## [Given material]
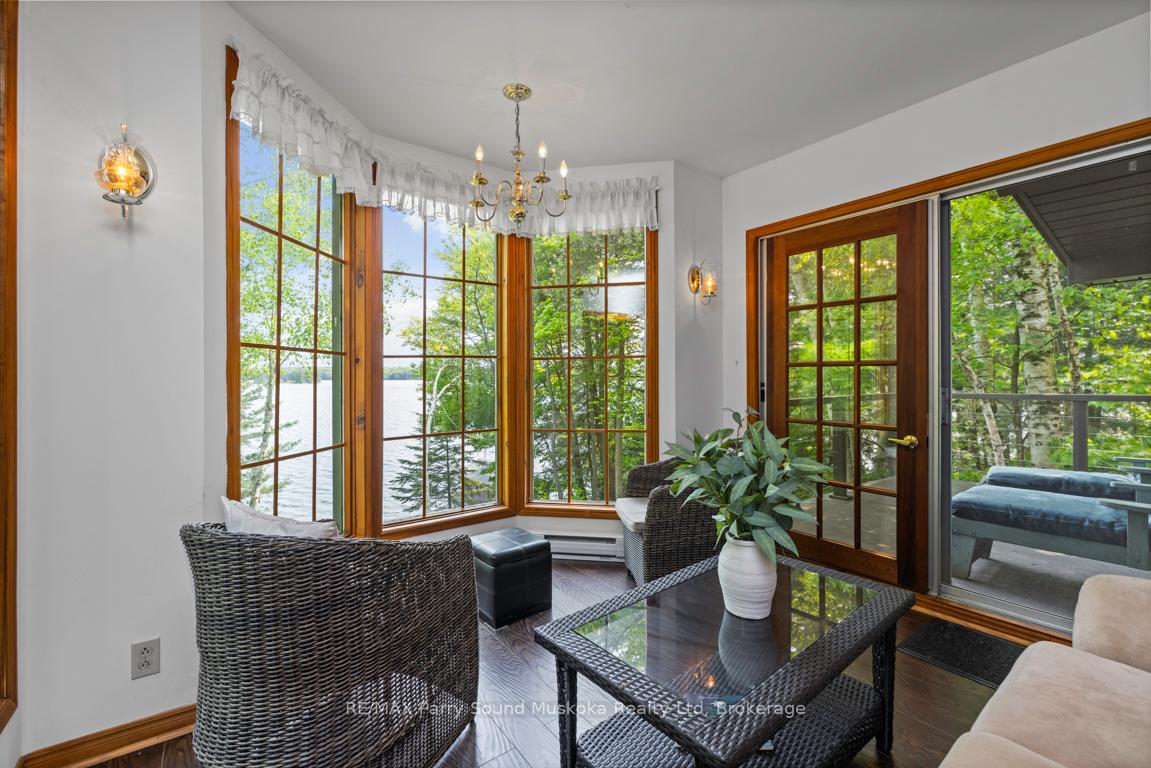 Photo 16 of 49 Bayshore Drive, Seguin — HOMEH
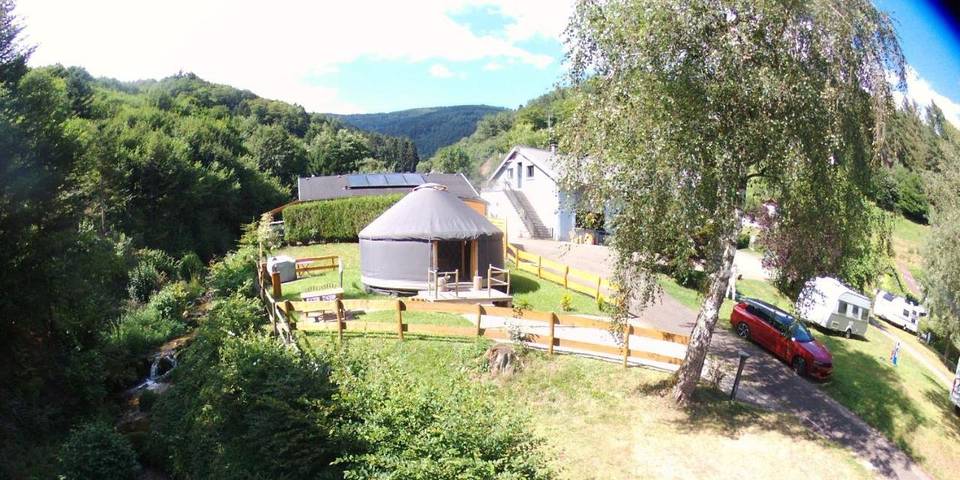 Tente pour 4 personnes, avec terrasse ainsi que jardin et vue dans le Haut-Rhin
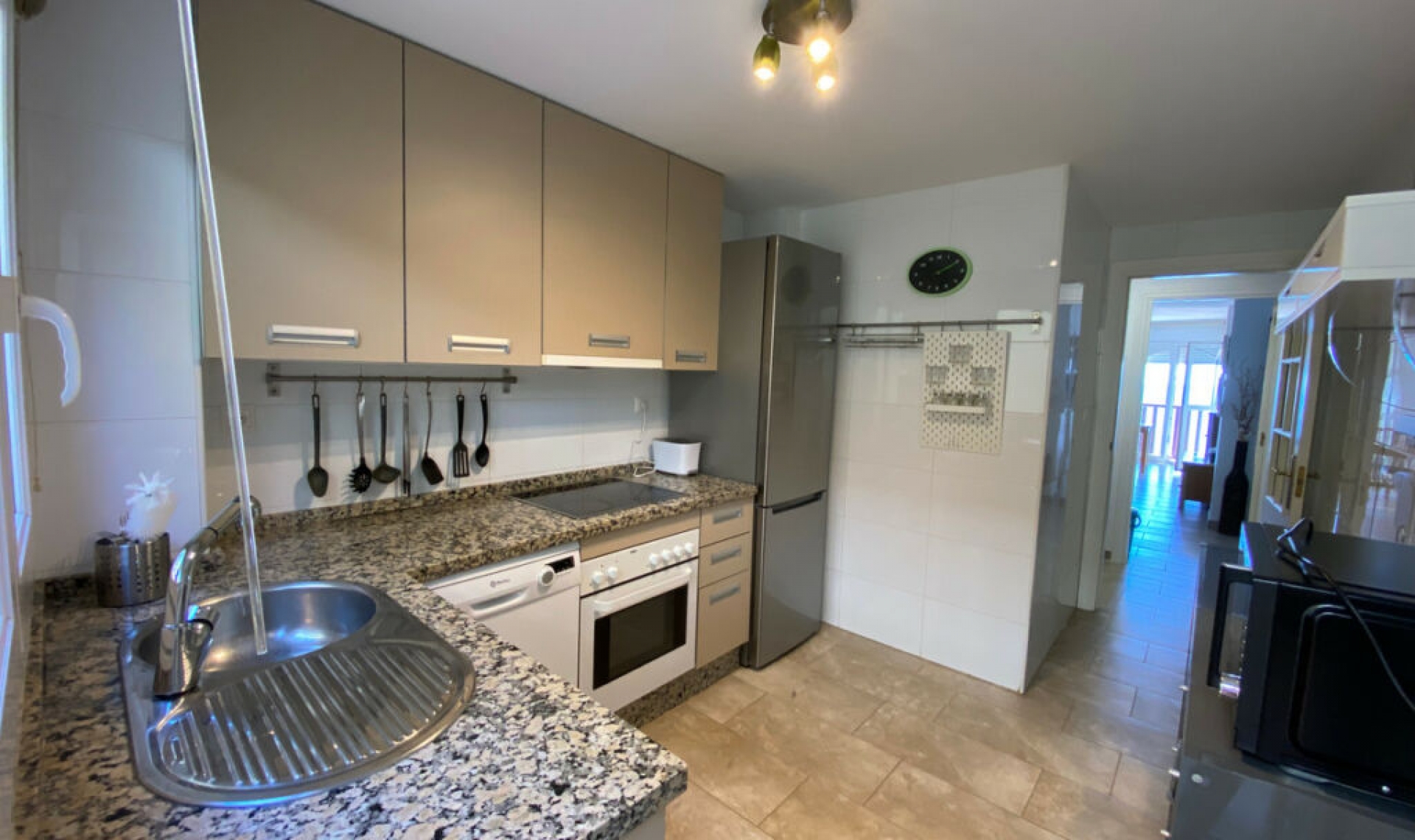 Resale - Apartment -
Carvajal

## [Task to carry out]
Beginning with the line that holds "Tente pour 4", write out exactly the lines down to the end of the material above, and no others. Pictures are not part of the copy.

## [Your solution]
 Tente pour 4 personnes, avec terrasse ainsi que jardin et vue dans le Haut-Rhin
 Resale - Apartment -
Carvajal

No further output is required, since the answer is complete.